Source information:

____________

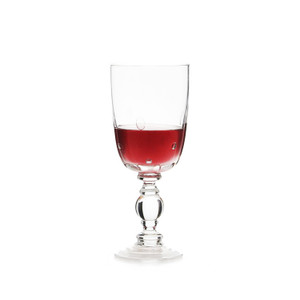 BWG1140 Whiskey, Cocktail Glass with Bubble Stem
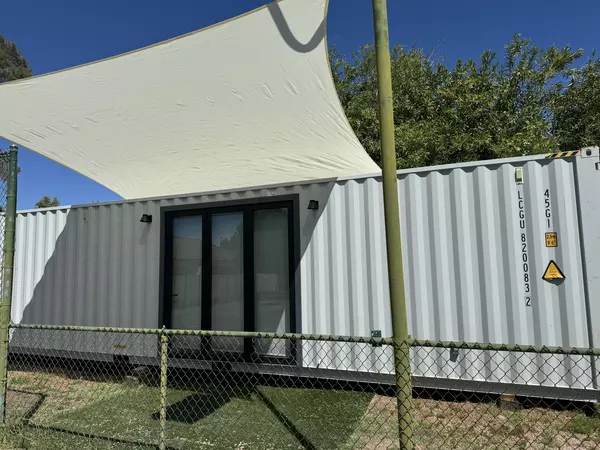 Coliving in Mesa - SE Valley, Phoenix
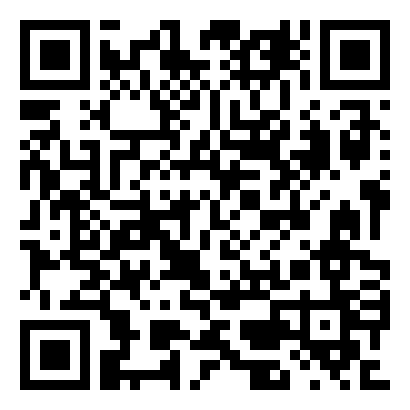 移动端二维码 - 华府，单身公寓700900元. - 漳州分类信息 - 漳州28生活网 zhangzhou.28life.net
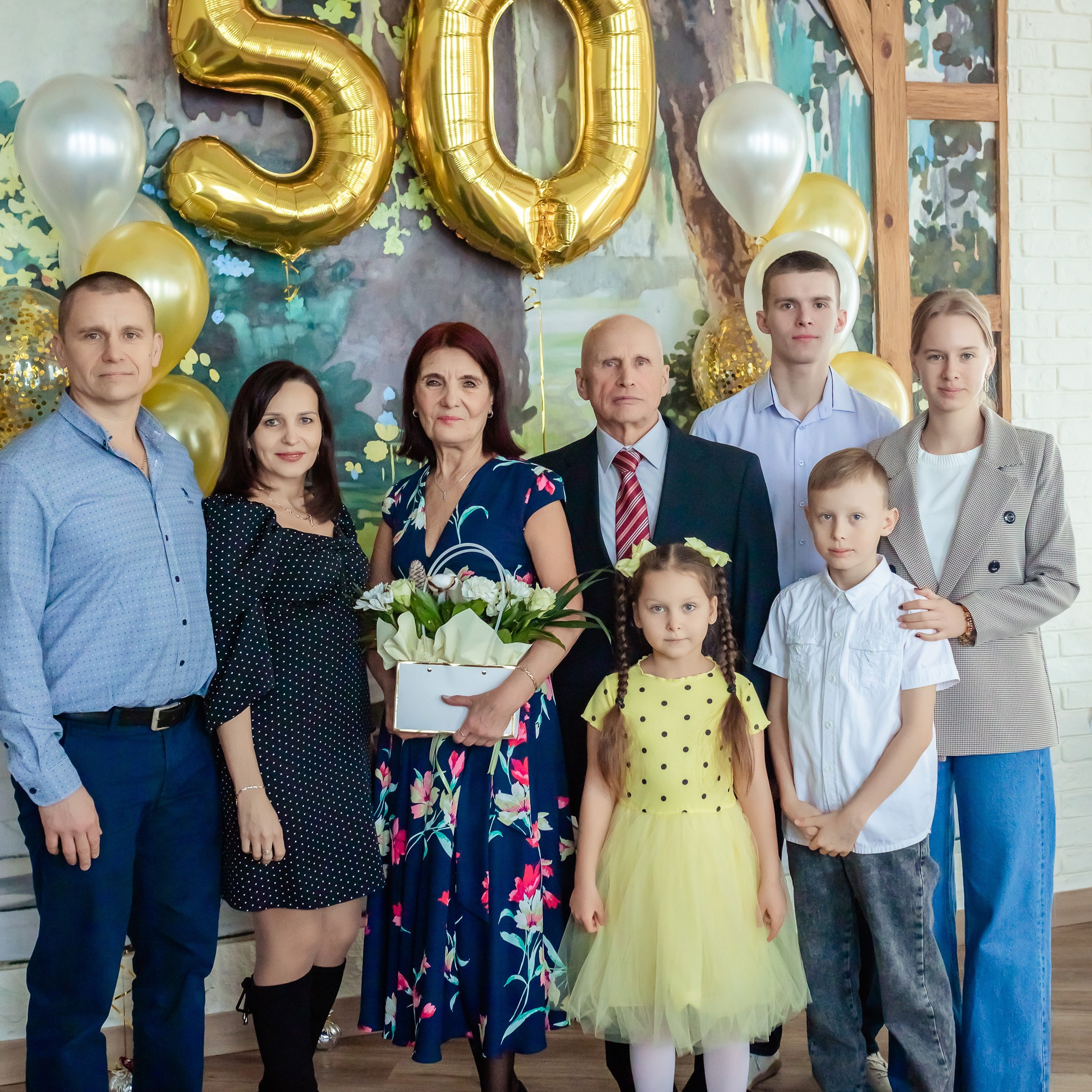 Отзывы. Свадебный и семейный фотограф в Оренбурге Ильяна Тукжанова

____________

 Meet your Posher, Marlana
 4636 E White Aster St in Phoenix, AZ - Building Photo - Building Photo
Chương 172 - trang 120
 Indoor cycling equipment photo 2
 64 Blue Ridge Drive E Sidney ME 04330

____________

Exercise objective: Take the entries above and copy exactly the lines starting at the one with "移动端二维码 - 华府，单身公寓700900元." and ending at the one with "Отзывы. Свадебный и"; nothing outside that span, and no pictures.

Response to the task:
 移动端二维码 - 华府，单身公寓700900元. - 漳州分类信息 - 漳州28生活网 zhangzhou.28life.net
 Отзывы. Свадебный и семейный фотограф в Оренбурге Ильяна Тукжанова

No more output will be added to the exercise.